## Task to complete
Copy the data from the line that contains "Papuci barbati, negru, casual, piele" to its last line, exactly, including both of those lines and leaving out everything before.
────────────────────────────────────────
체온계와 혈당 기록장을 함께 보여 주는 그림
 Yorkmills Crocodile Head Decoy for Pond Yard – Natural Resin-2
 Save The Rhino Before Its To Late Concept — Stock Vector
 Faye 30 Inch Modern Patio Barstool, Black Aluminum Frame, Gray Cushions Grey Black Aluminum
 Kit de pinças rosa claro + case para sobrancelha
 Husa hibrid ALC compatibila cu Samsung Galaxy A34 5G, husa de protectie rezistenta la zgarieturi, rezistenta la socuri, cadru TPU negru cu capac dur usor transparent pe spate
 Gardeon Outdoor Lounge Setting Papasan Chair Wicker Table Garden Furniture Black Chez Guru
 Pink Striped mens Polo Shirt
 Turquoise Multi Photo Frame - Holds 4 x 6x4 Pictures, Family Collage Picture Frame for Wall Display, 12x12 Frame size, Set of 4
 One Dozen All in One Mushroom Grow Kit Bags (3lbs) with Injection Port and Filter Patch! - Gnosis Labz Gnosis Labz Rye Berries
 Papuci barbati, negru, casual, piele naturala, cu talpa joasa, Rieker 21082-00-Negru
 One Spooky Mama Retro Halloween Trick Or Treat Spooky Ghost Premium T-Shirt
────────────────────────────────────────
## Final answer
 Papuci barbati, negru, casual, piele naturala, cu talpa joasa, Rieker 21082-00-Negru
 One Spooky Mama Retro Halloween Trick Or Treat Spooky Ghost Premium T-Shirt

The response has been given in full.